▶ _Exercise_
Once you have located the line containing "Exterior view of" in the material below, return it exactly along with each line after it through the line containing "a courtyard of".

━━━ Given records ━━━

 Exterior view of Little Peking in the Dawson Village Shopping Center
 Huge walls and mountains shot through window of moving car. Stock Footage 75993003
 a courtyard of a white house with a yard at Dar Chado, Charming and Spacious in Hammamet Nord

━━━
━━━ Given records ━━━

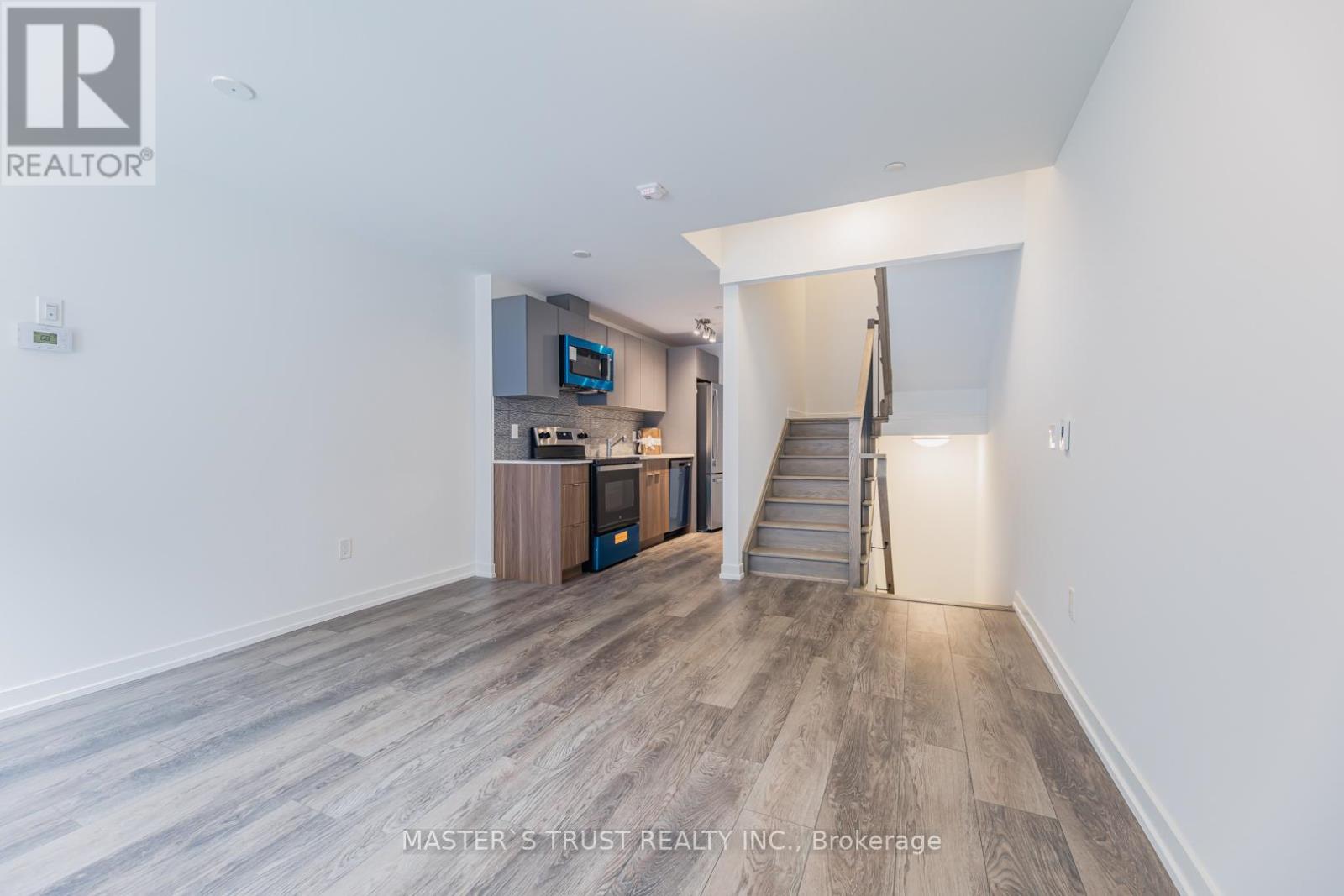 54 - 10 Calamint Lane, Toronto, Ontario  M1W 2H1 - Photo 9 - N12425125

━━━

▶ _Completed exercise_
 Exterior view of Little Peking in the Dawson Village Shopping Center
 Huge walls and mountains shot through window of moving car. Stock Footage 75993003
 a courtyard of a white house with a yard at Dar Chado, Charming and Spacious in Hammamet Nord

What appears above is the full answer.